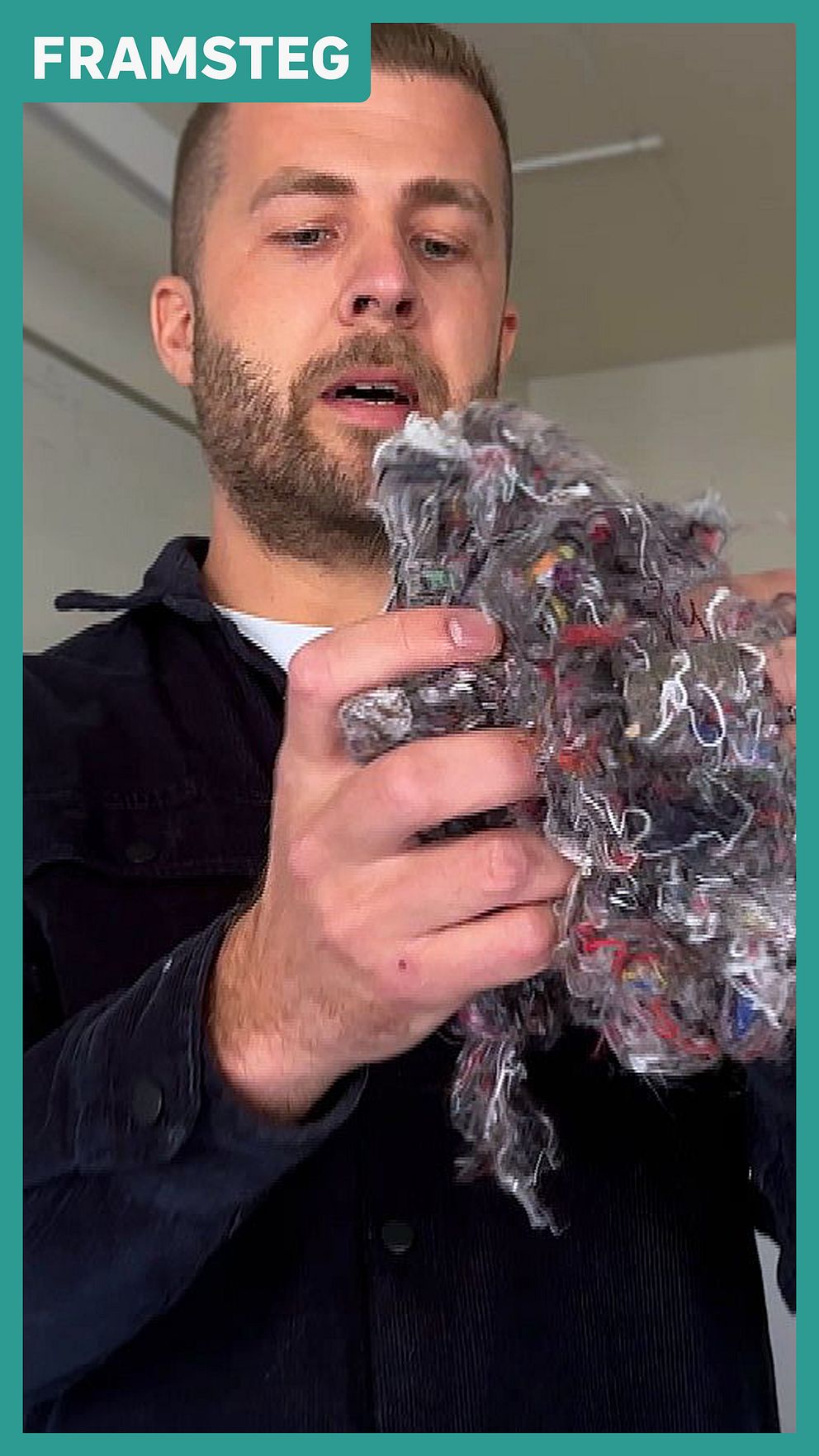 Person håller upp en bunt återvunnet textilmaterial i en inomhusmiljö.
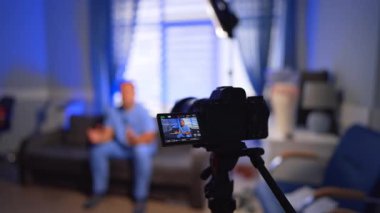 Kamera, kanepede oturup video içeriği hakkında konuşan bir adamın video bloğunu kaydediyor. İçerik oluşturan bir erkek vlogger üzerine seçici odak.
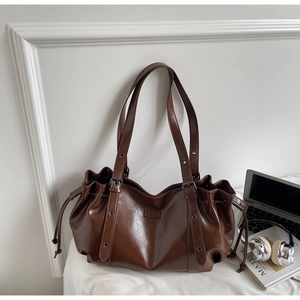 Détail d'un sac cabas en cuir PU marron avec fermeture à cordon et boucles métalliques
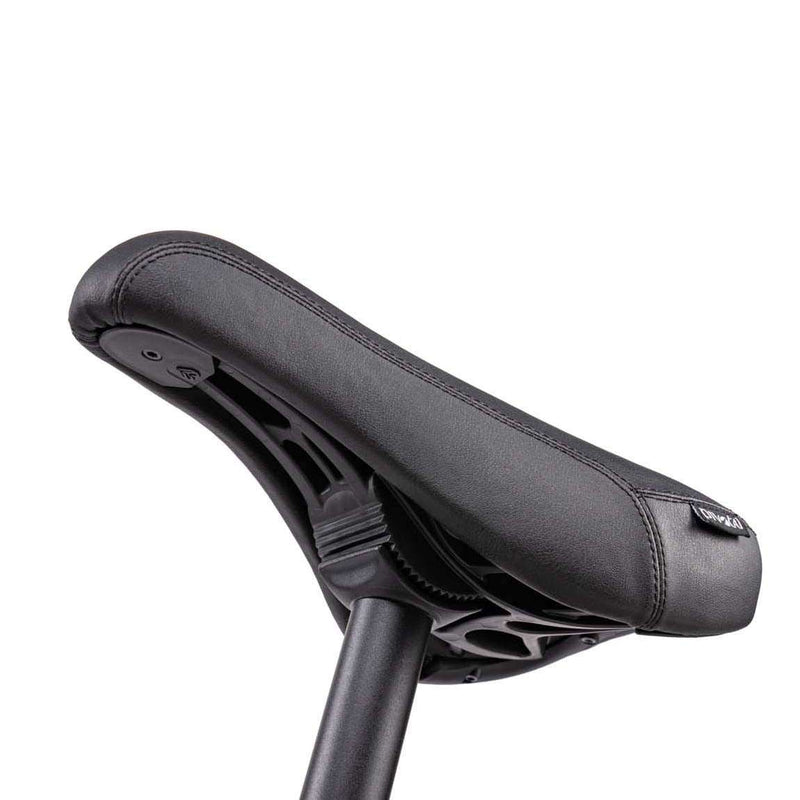 Close-up of the black Wethepeople Justice Bike padded saddle and seat post against a white background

PROMPT:
Produce the data again character for character, with the images left out.

WRITTEN REPLY:
 Person håller upp en bunt återvunnet textilmaterial i en inomhusmiljö.
 Kamera, kanepede oturup video içeriği hakkında konuşan bir adamın video bloğunu kaydediyor. İçerik oluşturan bir erkek vlogger üzerine seçici odak.
 Détail d'un sac cabas en cuir PU marron avec fermeture à cordon et boucles métalliques
 Close-up of the black Wethepeople Justice Bike padded saddle and seat post against a white background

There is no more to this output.